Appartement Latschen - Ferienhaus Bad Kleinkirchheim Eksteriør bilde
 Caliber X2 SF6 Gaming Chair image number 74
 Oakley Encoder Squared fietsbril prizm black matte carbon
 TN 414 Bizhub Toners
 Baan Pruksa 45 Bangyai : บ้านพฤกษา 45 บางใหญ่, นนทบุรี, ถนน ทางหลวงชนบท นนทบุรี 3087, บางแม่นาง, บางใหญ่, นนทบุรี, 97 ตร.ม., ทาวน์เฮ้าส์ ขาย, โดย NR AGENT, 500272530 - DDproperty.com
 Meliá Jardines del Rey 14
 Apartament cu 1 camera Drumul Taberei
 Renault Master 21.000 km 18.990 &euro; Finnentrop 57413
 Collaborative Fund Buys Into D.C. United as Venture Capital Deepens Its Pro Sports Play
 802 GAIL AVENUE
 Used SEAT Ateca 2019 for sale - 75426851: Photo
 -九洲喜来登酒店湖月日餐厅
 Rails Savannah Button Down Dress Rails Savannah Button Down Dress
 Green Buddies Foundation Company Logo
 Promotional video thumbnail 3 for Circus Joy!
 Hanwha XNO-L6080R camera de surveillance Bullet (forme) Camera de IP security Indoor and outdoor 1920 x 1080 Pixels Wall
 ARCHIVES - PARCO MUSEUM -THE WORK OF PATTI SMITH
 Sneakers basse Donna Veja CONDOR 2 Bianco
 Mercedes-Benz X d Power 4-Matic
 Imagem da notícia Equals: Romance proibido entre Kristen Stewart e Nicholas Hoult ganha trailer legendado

::::

• Work to complete:
Restate the listing exactly, starting at its first line and ending at the line where "Renault Master 21.000" occurs; include both and no other lines.

• Expected answer:
Appartement Latschen - Ferienhaus Bad Kleinkirchheim Eksteriør bilde
 Caliber X2 SF6 Gaming Chair image number 74
 Oakley Encoder Squared fietsbril prizm black matte carbon
 TN 414 Bizhub Toners
 Baan Pruksa 45 Bangyai : บ้านพฤกษา 45 บางใหญ่, นนทบุรี, ถนน ทางหลวงชนบท นนทบุรี 3087, บางแม่นาง, บางใหญ่, นนทบุรี, 97 ตร.ม., ทาวน์เฮ้าส์ ขาย, โดย NR AGENT, 500272530 - DDproperty.com
 Meliá Jardines del Rey 14
 Apartament cu 1 camera Drumul Taberei
 Renault Master 21.000 km 18.990 &euro; Finnentrop 57413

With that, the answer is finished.